You are viewing v0.0.12 version. Click here to see docs for the latest stable version.

Architecture Overview

Runhouse Resources

Resources are the Runhouse primitive for objects that can be saved, shared, and reused. This can be split into compute resources (clusters, functions, modules, environments, and runs) and data resources (folder, table, blob, etc).

Compute

The Compute APIs allow a seamless flow of code and execution across local and remote compute. They blur the line between program execution and deployment, providing both a path of least resistence for running a sub-routine on specific hardware, while unceremoniously turning that sub-routine into a reusable service. They also provide convenient dependency isolation and management, provider-agnostic provisioning and termination, and rich debugging and accessibility interfaces built-in.

  • Cluster: A set of machines which can be sent code or data. Generally, they are Ray clusters under the hood.

  • Environment: An environment respresents a compute environment, consisting of packages and environment variables. Each remote environment on a cluster is associated with a Ray Actor servlet, which handles all activities within the environement (calling functions, installing packages, getting/putting objects).

  • Function: Functions are associated with clusters and environments, and are executed using an HTTP endpoint.

  • Module: Modules represent classes that can be sent to and used on remote clusters and environments. Modules can live on remote hardware and its class methods called remotely, with

Data

The Data APIs provide a simple interface for storing, recalling, and moving data between the user’s laptop, remote compute, cloud storage, and specialized storage (e.g. data warehouses). They provide least-common-denominator APIs across providers, allowing users to easily specify the actions they want to take on the data without needed to dig into provider-specific APIs.

  • Folder: Represents a specified location (could be local, remote, or file storage), for managing where various Runhouse resources live.

  • Table: Provides convenient APIs for writing, partitioning, fetch, and stream various data types.

  • Blob: Represents a data object stored in a particular system.

  • File: Represents a file object stored in a particular system.

Accessibility and Management

Runhouse enables the portability and sharing of resources across users and environments, and provides tools for visibility and management of these resources as long-living assets shared by teams or projects.

Accessibility

The Runhouse RNS (Resource Naming System) provides a convenient way to name, persist, and recall resources acoss environments. Meanwhile, the Secrets APIs provide a simple interface for storing and retrieving secrets from your secure Runhouse account.

  • Resource Naming System (RNS): Consists of lightweight metadata for each resource type to captures the information needed to load it in a new environment, and a mechanism for saving and loading from either the working git repo or a remote Runhouse key-value metadata store.
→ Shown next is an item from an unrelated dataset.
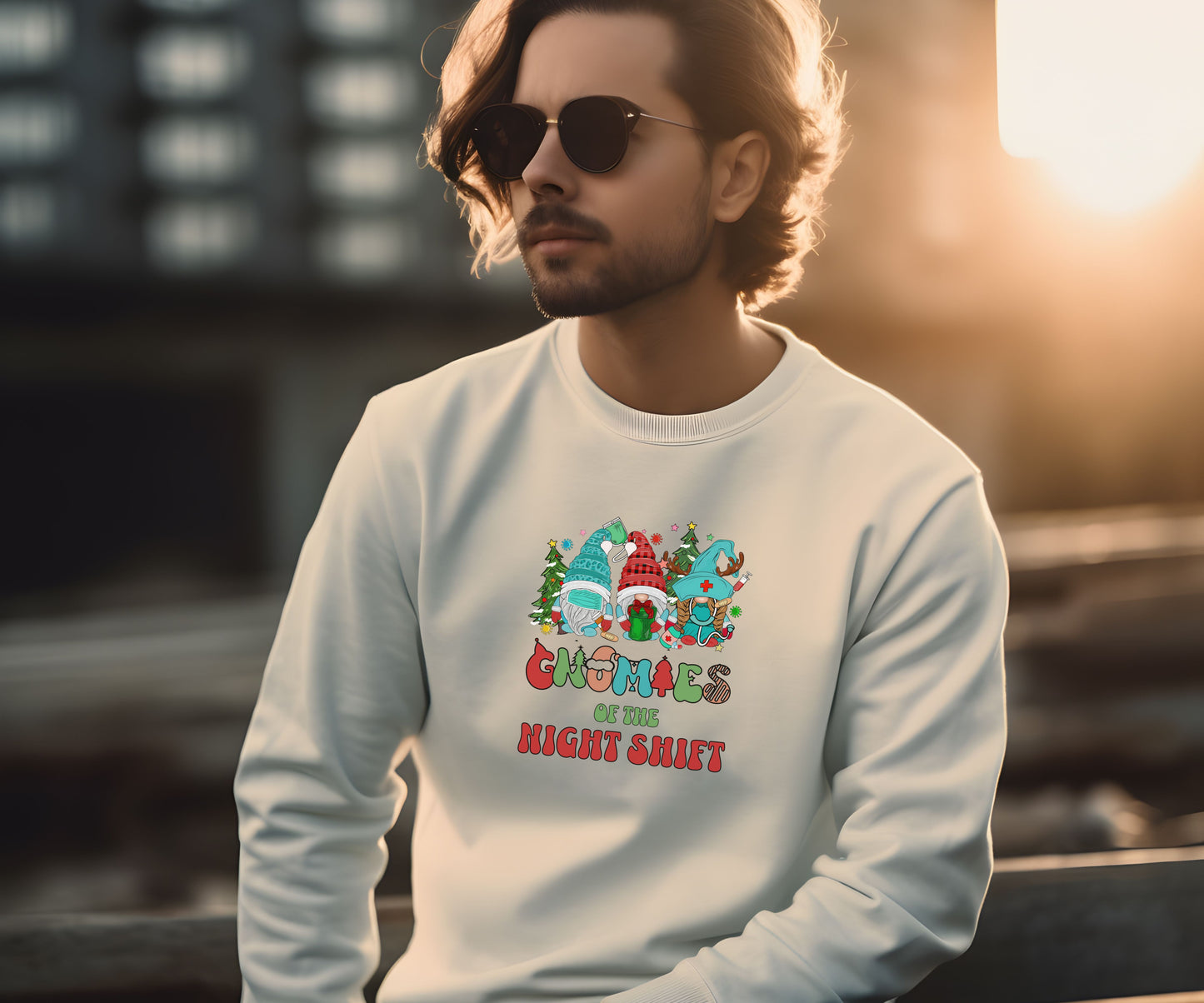 Gnomies of the night shift, Christmas nurse Sweatshirt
The git-based approach (Local RNS) allows for local persistence and versioning or sharing across OSS projects. The metadata store (Runhouse RNS) is even more portable; it allows resource sharing across users and environments, anywhere there is an Internet connection and Python interpreter. The RNS is backed by a management API (see below) to view and manage all resources.
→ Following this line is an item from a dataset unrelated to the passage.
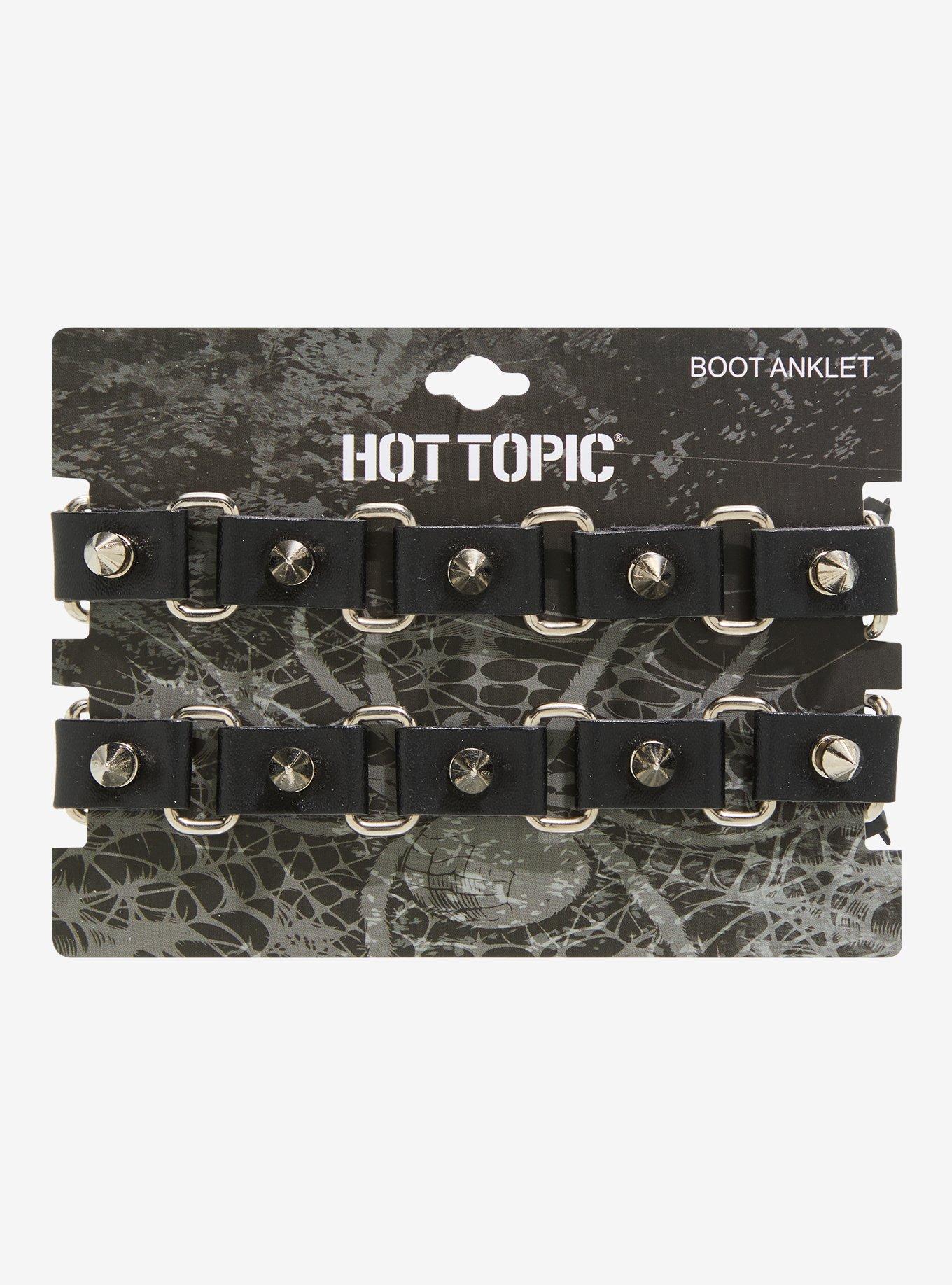 Faux Leather Spike Stud Boot Anklet Set, , hi-res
  • Secrets API: Provides a simple interface for storing and retrieving secrets to a allow a more seamless experience when accessing resources across environments. It provides a simple interface for storing and retrieving secrets from a variety of providers (e.g. AWS, Azure, GCP, Hugging Face, Github, etc.) as well as SSH Keys and custom secrets, and stores them in Hashicorp Vault.

  • Configs: Set and preserve default configs across environments.

Management

Runhouse provides tools for visibility and management of resources as long-living assets shared by teams or projects.
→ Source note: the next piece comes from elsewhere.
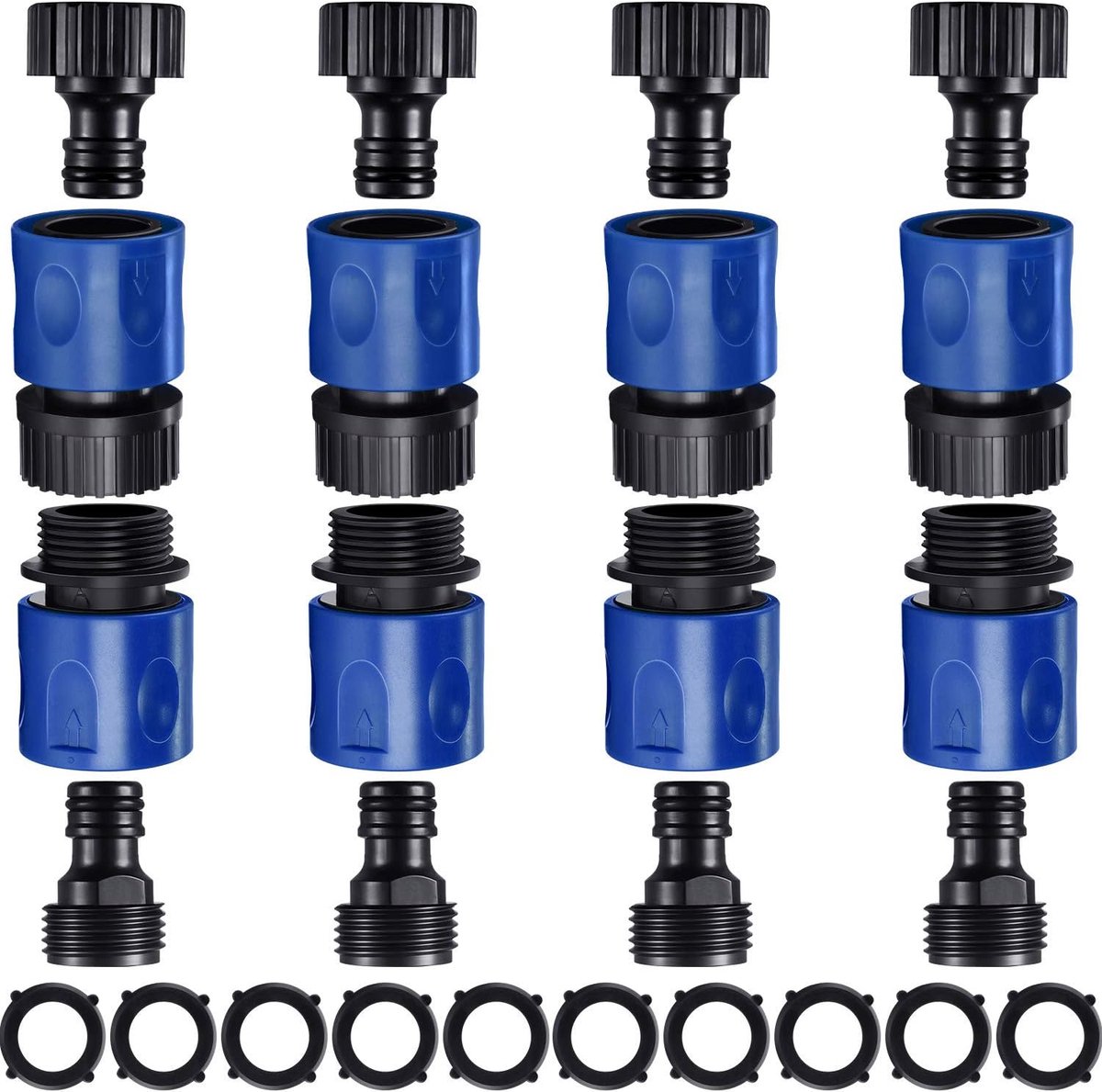 16 stuks tuinslang snelconnector 3/4 inch kunststof waterslangfittingen mannelijke en vrouwelijke connectoren slangeindadapters met 10 stuks rubberen pakkingen (blauw, zwart)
  • Organization structure: Both resources and users can be organized into arbitrarily-nested groups to apply access permissions, default behaviors (e.g. default storage locations, compute providers, instance autotermination, etc.), project delineation, or staging (e.g. dev vs. prod).

  • Management UI: provides an individual or admin view of all resources, secrets, groups, and sharing. Resource metadata is automatically versioned in RNS, allowing teams to maintain single-sources of truth for assets with zero downtime to update or roll back, and trace exact lineage for any existing resource.